As I believe a relational database schema should be as independent as possible from the apps using it, I've been trying to strengthen the DEV's database a bit lately (there are exceptions to this rule but they are not for this post).
One way to do that is to make sure that Rails model statements like this:
validates username, uniqueness: true
correspond to actual unique indexes in PostgreSQL.
Two reasons for that:
- let the DBMS do its job, it was built to check constraints
- data can "get in" from all sort of ways (throwaway SQL scripts for example)
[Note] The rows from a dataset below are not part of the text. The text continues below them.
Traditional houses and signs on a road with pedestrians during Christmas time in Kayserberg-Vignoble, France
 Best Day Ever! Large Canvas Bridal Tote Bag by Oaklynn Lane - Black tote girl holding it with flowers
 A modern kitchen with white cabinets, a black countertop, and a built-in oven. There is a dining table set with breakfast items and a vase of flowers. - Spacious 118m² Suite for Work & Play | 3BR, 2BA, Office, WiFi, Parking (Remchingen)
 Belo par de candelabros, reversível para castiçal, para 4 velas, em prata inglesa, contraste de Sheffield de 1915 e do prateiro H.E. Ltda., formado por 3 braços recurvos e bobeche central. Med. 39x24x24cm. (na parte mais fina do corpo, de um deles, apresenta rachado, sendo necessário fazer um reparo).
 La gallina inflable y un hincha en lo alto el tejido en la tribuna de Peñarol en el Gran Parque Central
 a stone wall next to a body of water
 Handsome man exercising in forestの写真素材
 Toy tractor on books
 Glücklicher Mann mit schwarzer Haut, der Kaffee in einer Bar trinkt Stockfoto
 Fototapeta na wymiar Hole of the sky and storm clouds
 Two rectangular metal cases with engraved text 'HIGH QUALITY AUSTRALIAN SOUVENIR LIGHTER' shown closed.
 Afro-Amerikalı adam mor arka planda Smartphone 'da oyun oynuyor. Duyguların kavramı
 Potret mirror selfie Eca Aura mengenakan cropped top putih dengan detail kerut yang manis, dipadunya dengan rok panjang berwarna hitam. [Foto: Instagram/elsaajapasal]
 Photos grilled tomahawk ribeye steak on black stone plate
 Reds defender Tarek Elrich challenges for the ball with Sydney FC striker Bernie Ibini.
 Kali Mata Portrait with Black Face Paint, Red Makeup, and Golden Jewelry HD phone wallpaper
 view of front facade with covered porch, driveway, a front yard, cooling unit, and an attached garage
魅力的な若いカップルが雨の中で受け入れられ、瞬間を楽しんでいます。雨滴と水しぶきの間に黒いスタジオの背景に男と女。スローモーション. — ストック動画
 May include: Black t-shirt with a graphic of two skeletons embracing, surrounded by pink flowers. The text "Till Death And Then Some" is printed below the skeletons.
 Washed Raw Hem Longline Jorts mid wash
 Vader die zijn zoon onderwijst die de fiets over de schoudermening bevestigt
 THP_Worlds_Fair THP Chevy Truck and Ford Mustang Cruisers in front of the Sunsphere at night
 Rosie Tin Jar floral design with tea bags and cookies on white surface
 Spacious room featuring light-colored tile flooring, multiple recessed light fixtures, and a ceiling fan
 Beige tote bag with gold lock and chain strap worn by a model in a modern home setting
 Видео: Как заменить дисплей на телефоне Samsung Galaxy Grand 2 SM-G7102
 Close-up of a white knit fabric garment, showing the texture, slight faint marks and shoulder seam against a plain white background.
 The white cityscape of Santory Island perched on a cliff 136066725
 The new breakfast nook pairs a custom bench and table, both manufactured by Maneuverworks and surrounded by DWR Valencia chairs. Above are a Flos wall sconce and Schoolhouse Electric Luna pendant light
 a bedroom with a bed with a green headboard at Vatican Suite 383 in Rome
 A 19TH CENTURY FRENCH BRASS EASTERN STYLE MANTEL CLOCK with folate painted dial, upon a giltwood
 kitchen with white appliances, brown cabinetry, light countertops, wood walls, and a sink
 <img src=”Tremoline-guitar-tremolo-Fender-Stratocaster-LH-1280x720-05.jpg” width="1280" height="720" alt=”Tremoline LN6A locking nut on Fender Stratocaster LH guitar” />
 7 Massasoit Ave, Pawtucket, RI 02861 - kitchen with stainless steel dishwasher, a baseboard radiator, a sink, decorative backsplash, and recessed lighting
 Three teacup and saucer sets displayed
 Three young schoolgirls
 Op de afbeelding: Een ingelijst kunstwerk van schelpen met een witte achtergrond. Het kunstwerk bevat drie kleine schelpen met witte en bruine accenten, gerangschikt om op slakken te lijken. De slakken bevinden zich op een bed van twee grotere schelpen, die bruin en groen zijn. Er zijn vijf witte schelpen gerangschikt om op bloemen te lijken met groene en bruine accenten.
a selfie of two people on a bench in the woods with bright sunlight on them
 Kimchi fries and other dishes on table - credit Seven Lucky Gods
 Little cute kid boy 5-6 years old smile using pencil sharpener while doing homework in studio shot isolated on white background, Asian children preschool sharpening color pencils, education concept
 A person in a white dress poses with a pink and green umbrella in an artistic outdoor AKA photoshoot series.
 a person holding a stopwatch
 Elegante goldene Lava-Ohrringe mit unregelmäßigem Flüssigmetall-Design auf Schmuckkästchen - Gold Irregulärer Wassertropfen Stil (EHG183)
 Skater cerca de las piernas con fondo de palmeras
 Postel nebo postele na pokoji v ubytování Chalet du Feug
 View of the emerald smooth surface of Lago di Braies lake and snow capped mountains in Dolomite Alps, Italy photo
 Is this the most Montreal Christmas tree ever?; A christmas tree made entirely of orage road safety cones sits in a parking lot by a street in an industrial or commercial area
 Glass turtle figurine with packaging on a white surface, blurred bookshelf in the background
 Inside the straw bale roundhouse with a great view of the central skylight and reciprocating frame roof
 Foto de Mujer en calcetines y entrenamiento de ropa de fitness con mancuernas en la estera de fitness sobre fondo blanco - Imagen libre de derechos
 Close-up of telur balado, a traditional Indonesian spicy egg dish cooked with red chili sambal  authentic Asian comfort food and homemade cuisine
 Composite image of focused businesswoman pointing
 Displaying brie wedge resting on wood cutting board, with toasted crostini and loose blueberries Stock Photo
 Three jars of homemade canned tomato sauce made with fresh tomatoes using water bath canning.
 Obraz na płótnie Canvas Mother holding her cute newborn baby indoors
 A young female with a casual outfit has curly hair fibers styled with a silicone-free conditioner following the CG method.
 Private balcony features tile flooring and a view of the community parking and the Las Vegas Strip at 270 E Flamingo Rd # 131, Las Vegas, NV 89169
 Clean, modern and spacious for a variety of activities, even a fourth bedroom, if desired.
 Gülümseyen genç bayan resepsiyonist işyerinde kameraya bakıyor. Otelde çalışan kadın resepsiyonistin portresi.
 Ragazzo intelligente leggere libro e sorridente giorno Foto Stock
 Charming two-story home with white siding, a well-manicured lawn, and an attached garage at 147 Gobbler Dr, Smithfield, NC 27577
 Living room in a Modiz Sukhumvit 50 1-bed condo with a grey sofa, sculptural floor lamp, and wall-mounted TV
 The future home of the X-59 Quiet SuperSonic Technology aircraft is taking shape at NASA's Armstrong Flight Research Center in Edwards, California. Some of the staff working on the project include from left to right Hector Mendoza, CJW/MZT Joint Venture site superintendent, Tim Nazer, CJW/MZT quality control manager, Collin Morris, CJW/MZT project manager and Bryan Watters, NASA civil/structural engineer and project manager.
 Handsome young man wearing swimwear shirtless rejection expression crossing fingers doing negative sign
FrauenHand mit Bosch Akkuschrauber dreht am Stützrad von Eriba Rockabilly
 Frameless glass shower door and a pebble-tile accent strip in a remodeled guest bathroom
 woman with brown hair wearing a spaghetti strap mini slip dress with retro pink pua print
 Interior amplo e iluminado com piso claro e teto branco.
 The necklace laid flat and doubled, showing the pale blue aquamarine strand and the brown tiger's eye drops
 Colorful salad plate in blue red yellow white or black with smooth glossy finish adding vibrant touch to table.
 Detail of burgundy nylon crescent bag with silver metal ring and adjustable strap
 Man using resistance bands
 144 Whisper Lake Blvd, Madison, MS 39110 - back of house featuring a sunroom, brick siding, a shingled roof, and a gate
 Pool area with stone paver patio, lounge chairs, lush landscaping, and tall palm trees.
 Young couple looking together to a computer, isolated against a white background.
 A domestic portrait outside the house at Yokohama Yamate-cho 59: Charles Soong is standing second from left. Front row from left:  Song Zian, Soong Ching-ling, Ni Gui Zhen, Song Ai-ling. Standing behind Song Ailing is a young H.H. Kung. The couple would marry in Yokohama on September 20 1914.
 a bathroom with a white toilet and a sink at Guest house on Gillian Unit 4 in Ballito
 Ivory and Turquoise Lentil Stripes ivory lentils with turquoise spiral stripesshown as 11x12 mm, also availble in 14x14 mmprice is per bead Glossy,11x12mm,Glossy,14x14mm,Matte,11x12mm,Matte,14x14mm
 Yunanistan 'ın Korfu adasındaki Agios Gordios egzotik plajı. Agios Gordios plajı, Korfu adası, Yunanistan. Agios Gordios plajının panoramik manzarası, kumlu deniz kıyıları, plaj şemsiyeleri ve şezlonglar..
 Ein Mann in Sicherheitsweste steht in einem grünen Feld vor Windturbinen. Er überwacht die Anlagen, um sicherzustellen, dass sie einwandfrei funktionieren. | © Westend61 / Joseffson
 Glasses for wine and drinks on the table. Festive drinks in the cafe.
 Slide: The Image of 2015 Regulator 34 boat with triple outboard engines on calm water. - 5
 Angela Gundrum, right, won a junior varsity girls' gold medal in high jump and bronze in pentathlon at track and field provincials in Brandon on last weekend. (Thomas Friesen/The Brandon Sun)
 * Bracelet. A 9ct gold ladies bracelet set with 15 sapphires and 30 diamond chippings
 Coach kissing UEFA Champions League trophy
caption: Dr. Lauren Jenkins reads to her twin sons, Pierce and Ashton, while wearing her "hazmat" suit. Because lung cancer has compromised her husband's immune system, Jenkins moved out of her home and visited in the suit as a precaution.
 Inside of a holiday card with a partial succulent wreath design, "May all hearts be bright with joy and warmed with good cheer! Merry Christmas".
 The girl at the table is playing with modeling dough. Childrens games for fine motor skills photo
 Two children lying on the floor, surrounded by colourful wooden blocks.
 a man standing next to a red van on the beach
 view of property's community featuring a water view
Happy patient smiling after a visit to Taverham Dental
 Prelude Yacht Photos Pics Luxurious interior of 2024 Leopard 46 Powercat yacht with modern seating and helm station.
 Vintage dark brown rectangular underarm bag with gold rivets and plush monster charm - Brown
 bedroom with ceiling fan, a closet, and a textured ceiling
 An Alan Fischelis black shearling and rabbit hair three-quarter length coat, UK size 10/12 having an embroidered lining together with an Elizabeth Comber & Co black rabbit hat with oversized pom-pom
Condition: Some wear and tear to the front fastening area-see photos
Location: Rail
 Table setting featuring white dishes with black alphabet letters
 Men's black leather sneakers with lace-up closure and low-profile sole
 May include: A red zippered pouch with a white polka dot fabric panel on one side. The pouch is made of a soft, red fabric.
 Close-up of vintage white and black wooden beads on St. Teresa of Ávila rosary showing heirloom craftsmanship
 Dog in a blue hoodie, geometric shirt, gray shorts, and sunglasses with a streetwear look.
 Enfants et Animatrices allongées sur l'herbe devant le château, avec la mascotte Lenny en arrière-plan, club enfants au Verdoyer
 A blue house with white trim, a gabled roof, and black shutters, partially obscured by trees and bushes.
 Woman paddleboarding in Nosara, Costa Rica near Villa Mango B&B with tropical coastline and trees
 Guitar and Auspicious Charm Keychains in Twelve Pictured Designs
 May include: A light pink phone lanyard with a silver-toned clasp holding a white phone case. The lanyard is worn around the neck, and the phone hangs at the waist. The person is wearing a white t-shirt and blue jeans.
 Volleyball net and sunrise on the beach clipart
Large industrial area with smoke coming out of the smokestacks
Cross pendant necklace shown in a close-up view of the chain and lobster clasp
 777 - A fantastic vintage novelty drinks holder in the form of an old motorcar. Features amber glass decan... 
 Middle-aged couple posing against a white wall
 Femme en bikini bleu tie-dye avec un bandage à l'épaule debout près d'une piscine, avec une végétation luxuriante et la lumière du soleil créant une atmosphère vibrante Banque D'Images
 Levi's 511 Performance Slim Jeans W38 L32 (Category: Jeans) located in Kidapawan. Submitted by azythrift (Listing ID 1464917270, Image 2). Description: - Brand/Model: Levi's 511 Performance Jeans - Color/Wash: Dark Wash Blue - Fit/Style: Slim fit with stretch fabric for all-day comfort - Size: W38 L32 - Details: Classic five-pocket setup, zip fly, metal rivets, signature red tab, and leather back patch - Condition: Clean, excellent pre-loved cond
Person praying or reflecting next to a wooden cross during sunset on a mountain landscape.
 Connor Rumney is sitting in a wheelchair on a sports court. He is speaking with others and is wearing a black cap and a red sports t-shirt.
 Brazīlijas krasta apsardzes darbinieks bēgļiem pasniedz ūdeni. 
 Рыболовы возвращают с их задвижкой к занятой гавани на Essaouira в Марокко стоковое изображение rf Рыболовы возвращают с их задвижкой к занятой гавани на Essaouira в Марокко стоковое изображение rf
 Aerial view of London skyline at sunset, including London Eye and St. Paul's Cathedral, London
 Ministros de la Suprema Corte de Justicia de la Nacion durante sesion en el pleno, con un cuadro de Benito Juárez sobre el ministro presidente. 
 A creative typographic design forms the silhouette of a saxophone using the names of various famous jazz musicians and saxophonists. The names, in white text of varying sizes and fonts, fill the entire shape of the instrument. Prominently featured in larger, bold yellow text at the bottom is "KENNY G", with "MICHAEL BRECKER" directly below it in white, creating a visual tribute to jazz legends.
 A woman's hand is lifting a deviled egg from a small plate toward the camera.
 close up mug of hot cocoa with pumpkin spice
Even if today your database is used only by a single app, you might have more than one in the future and adding indexes on existing tables or having to clean duplicate rows in large tables is always a bit of a pain (because of locking, I might write another article about that..).
What happened then?
It seems straigtforward, right? List the column(s) you need the index for, write a Rails migration for them, run the migration, forget about it.
That's where a random test literally saved me from an oversight.
We have a test in our codebase that imports 20+ items from a RSS feed, transforms them into articles and inserts them in the DB, then checks the count to make sure it matches.
They are all different articles, but the database is going to check they are unique anyway (for obvious reasons).
The counts weren't matching and after some very serious debugging magic (aka setting a breakpoint and printing stuff) I came across this:
[1] pry(#<RssReader>)> p e
#<ActiveRecord::StatementInvalid: PG::ProgramLimitExceeded: ERROR: index row size 7280 exceeds btree version 4 maximum 2704 for index "index_articles_on_body_markdown_and_user_id_and_title"
DETAIL: Index row references tuple (8,1) in relation "articles".
HINT: Values larger than 1/3 of a buffer page cannot be indexed.
Consider a function index of an MD5 hash of the value, or use full text indexing.
: INSERT INTO "articles" ("body_markdown", "boost_states", "cached_tag_list", "cached_user", "cached_user_name", "cached_user_username", "created_at", "description", "feed_source_url", "password", "path", "processed_html", "published_from_feed", "reading_time", "slug", "title", "updated_at"
Wait, what!?
After a bit of digging I realized my oversight: if the text to be indexed is too large and doesn't fit PostgreSQL buffer page, indexing is not going to work.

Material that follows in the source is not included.